When the New York Rangers traded Brady Skjei, they did so with an eye on the future. Skjei’s $5.25 million cap hit may have posed a problem this offseason as the Blueshirts look to bolster the roster and/or extend some key RFAs. That is good planning. The downside is that it left a hole on the left side.
As discussed on the Live From The Blue Seats podcast on Monday, Skjei, no matter your personal opinion of him, was a minutes eater who had decent chemistry with Jacob Trouba on the top pair. It wasn’t perfect. They weren’t a league best top pair, but they got the job done, playing 20+ minutes a night. Since the trade, Skjei has been replaced by Brendan Smith.
Charts from chartinghockey.ca.
Suffice it to say, all three left defenders have been struggling. Only Ryan Lindgren is holding his own. Marc Staal has been bad, and the pairing with Tony DeAngelo isn’t saving him anymore. Brendan Smith only has a few games under his belt on defense, so most of his line can be ignored. Worth noting that he is trending up since the trade deadline.
So how do the Rangers optimize this disaster?
Change up the pairs
This is the easiest route to go. Clearly what the Rangers have now isn’t working anymore. While you can expect Lindgren to rebound based on his prior performance with Adam Fox, the other two pairs are suffering greatly. It’s a question about balance or top-heavy. At this juncture, given the depth and quality of their opponents going forward, depth may be the best option.
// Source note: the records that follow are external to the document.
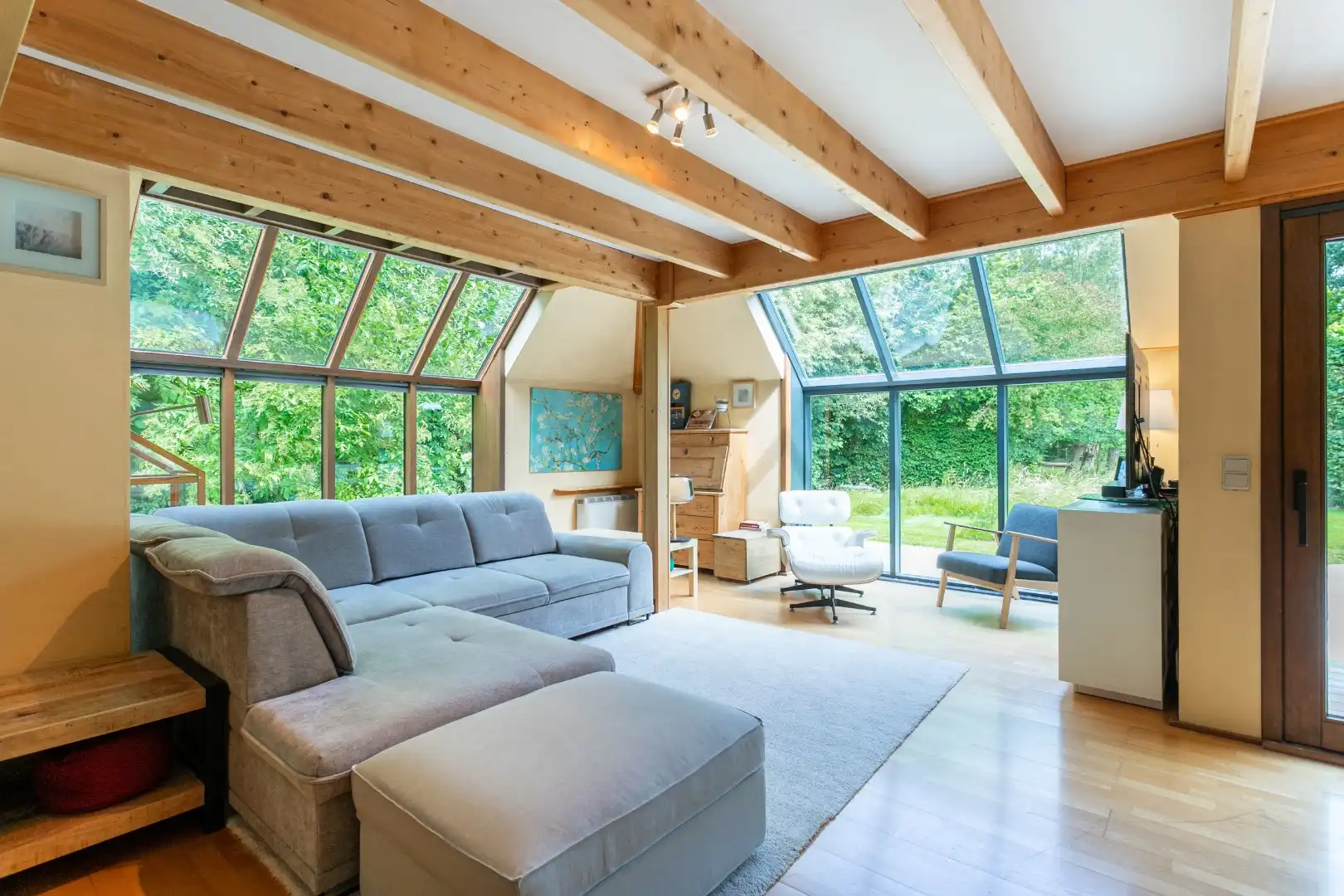 Ruime woning gelegen in een groene omgeving foto 7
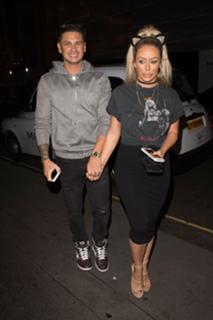 Aubrey O'Day feet photo thumbnail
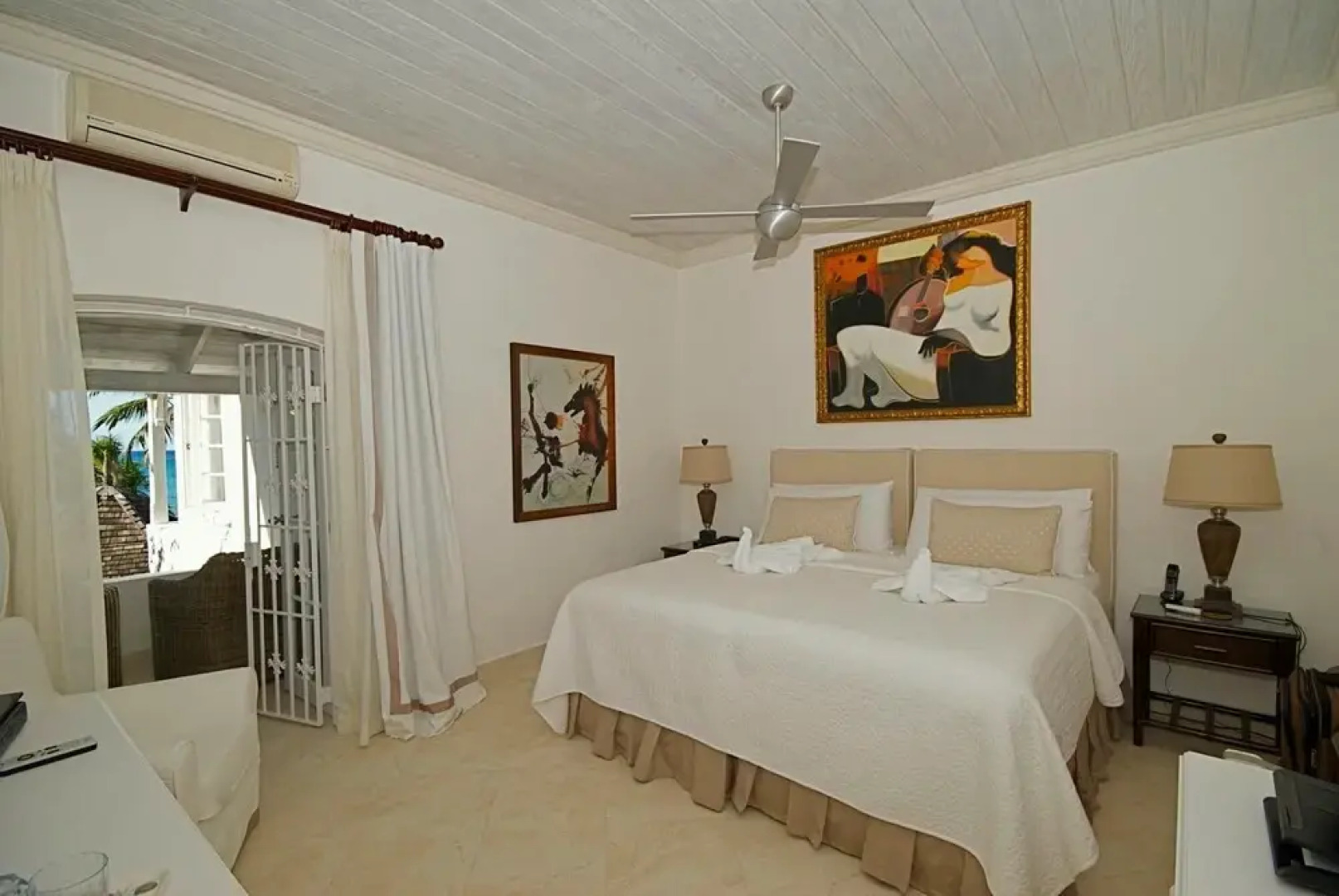 Emerald Beach 1 Solandra by Altman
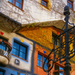 Hundertwasser-ház kis erkély utcalámpa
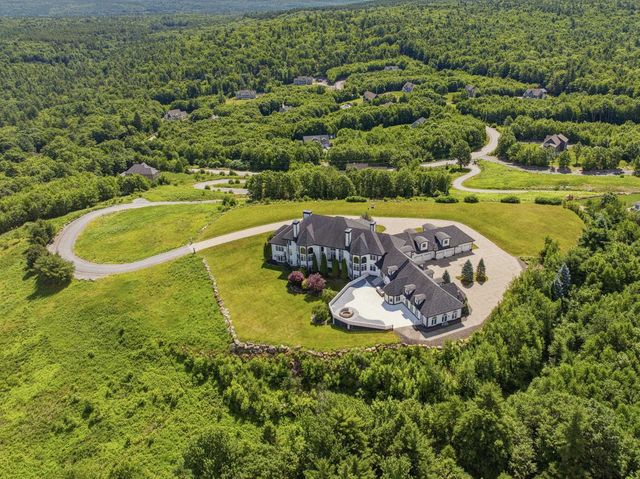 94 Foxberry Drive, New Boston, NH 03070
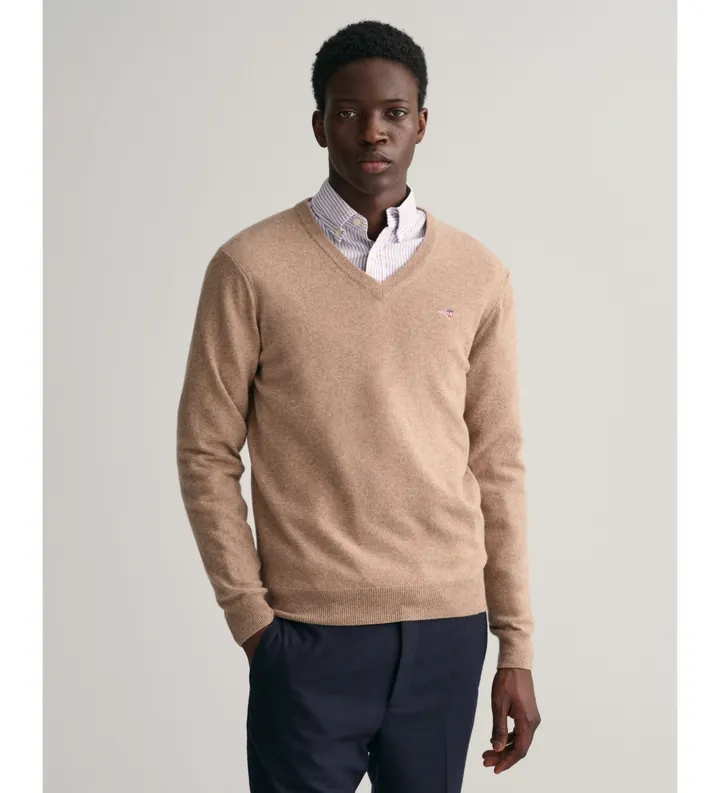 Gant para hombre. 87212 Jersey de cuello de pico en lana de oveja muy fina beige (3XL), Casual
Lindgren, clearly the best LD right now, might be able to hold his own with Trouba on the top pair. If that’s the case, then maybe DeAngelo functions better with Smith on his side. Smith is clearly a better option than Staal.
That leaves Fox and Staal. Fox is the best defenseman on the team right now, so if there’s anyone that can carry Staal, it’s him.
Move a LD to the right side
I’ve been beating this drum all year. The purpose of moving someone to the left side is two-fold – it gets your better players more ice time, and it puts more offensive minded players in a better position to provide more offense. The forehand is in the middle of the ice, instead of up the boards, opening up sight lines and better passing angles.
There are really only two choices here, Fox or DeAngelo. Given Trouba’s propensity to stay at the blue line to unleash his slap shot, either one fits with him on the top pair. Trouba is also more likely to be back on defense, meaning he can likely cover a little bit if someone is caught. That is what brings me to DeAngelo. But again, either works here.
That would leave DeAngelo-Trouba, Staal-Fox, Lindgren-Smith for the time being. Of course, this is because you likely want to avoid a Staal-Smith pairing. Again, not perfect, but at the very least better than what has been out there the past two weeks.